Many of those mitigations above either reduce the generalized usefulness of the language model or require some specialized knowledge of how the model is in use. Both of these are fine tradeoffs to make in many cases, but the web is too open ended to knowingly constrain input. Of course, too, the web cannot be trusted at face value, so even when there are markers for a specific kind of field, OpenAI itself says it will use Aria tags (accessibility labels not visible on a webpage) to guide model behavior. So your model will be experiencing a different version of a given webpage than you by OpenAI's own admission. On output mitigations, OpenAI does not have a great track record of mitigating risks to customers in output. And on the topic of red-teaming, I encourage you to look at the red-teaming section in the Agent paper, the majority of which I quote here:
Prompt injection red teaming was carried out by several organizations focused on cybersecurity testing. This occurred in parallel to internal red teaming, focusing on injection techniques that could exfiltrate data. We do not list specific attack details and mitigation updates here to avoid providing a roadmap for future attackers. Further details about our prompt injection evaluations and mitigations can be found in 3.1, and were informed by the human red teaming efforts throughout the product development process.

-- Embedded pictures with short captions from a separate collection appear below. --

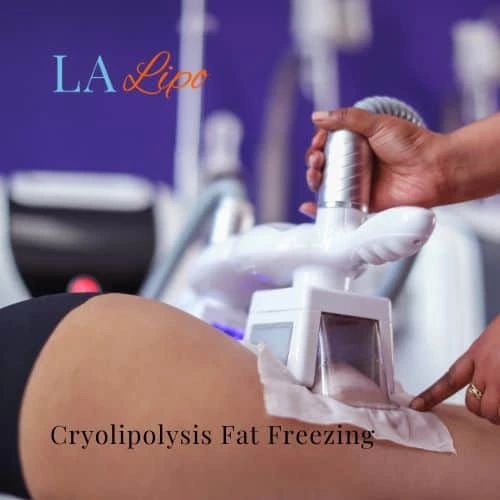 fat freezing - Cryolipolysis Haverhill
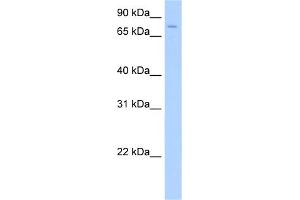 WB Suggested Anti-SV2A Antibody Titration:  0. (SV2A anticorps  (Middle Region))
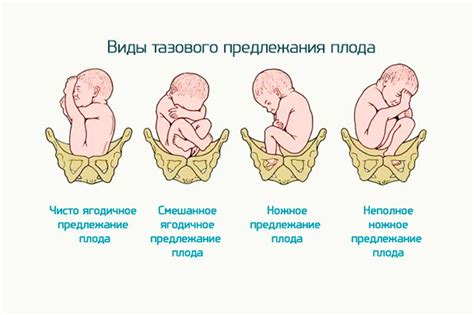 Причины предположения продольного расположения головного плода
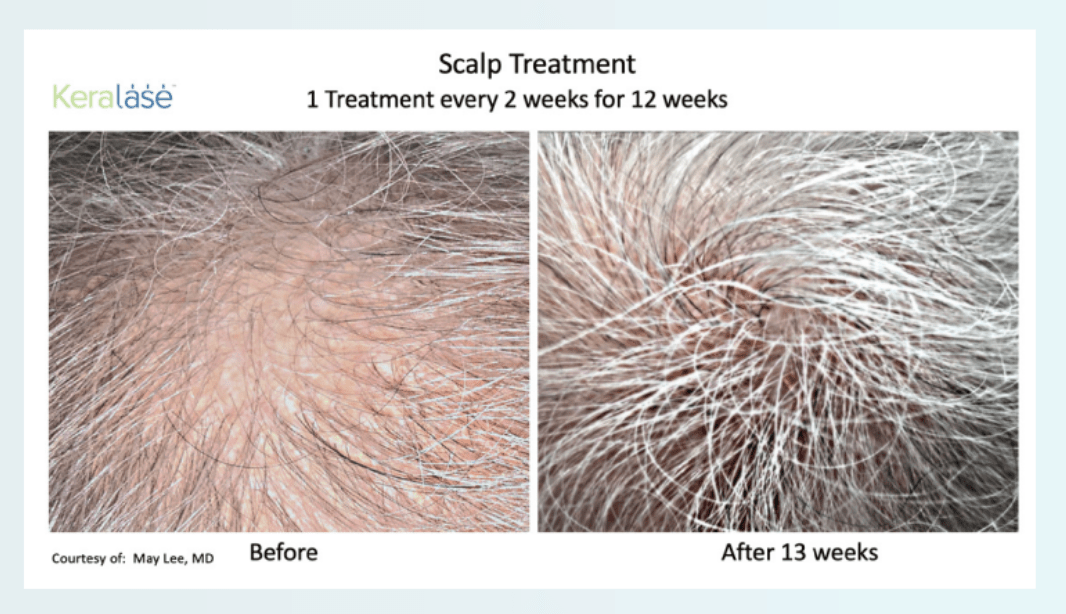 KeraLase Hair Loss Treatment Lawrence Township, NJ Sleep and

So while they do red-teaming and have continous monitoring of their systems, there are known non-transparent risks. And most of the testing was done on exfiltration attacks (sending privileged information to a third party). For results of different kinds of prompt injections, they provide the following tables:
Not bad results given this is the model only without additional mitigations built into the Atlas product (notably lacking in transparency), but clearly room for improvement. I am not okay knowing that 22% of the attacks OpenAI researchers thought of succeeded in exfiltrating data. 😅
If you choose to use this browser, the best mitigation you can apply is to only access public web content with it or other content you do not care is leaked to a third party. Do not log into banks, your employer's internal websites, or any other confidential places since it is possible this info is extracted either through adversarial prompts or through future models trained on this information.

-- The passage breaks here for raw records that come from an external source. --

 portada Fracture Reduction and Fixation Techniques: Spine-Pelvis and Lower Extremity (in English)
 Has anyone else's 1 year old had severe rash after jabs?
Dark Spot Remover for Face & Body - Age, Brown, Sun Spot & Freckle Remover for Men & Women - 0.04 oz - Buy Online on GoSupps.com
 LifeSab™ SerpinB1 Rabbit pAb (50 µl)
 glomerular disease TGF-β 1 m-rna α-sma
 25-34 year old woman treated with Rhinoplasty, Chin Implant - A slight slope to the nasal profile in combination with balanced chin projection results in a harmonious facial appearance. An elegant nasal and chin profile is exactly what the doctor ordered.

Prompt Injections are here to stay
Prompt injections can grant users access to content and services they otherwise may not have access to by hijacking prompt sources prior to performing generative AI on some text/data. Direct prompt injection is a risk to builders providing inadvertent experiences to their customers. Meanwhile, indirect prompt injection is a risk to us all. For any system where the input is not known (like the web) and also cannot be constrained in meaningful ways, you drastically open up the risk. And the risk profile gets much worse when you are taking action on behalf of a model output, as is the case is agentic systems.
I hope this gives you some perspective on some of the fundamental problems in building AI Agents, and other Generative AI tools. This is why I am a believer in more software built using models where there is a specific purpose and set of constraints, but not so much on releasing Agents (and chatbots) into our unconstrained world with increasingly high levels of privilege. I think such cases are just waiting for massive problems.